[[ TASK INPUTS open ]]
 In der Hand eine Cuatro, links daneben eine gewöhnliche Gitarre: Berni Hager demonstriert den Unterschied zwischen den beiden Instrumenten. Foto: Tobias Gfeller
[[ TASK INPUTS closed ]]
[[ TASK INPUTS open ]]
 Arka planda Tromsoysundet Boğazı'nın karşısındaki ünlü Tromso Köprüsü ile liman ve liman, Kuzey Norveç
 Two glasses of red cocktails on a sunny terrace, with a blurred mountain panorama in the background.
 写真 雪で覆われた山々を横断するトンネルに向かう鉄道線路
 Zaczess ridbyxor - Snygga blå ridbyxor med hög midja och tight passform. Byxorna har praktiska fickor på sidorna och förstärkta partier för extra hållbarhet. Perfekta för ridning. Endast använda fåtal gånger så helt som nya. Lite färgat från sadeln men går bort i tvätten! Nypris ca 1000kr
[[ TASK INPUTS closed ]]
[[ TASK INPUTS open ]]
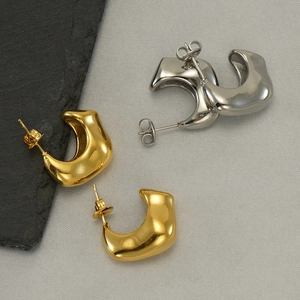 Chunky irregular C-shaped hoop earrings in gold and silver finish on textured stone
[[ TASK INPUTS closed ]]
* _WHAT TO DO_
Set down only the lines above that fall between the line holding "Arka planda Tromsoysundet" and the line holding "写真 雪で覆われた山々を横断するトンネルに向かう鉄道線路", inclusive, keeping each exact.

* _EXERCISE SOLUTION_
 Arka planda Tromsoysundet Boğazı'nın karşısındaki ünlü Tromso Köprüsü ile liman ve liman, Kuzey Norveç
 Two glasses of red cocktails on a sunny terrace, with a blurred mountain panorama in the background.
 写真 雪で覆われた山々を横断するトンネルに向かう鉄道線路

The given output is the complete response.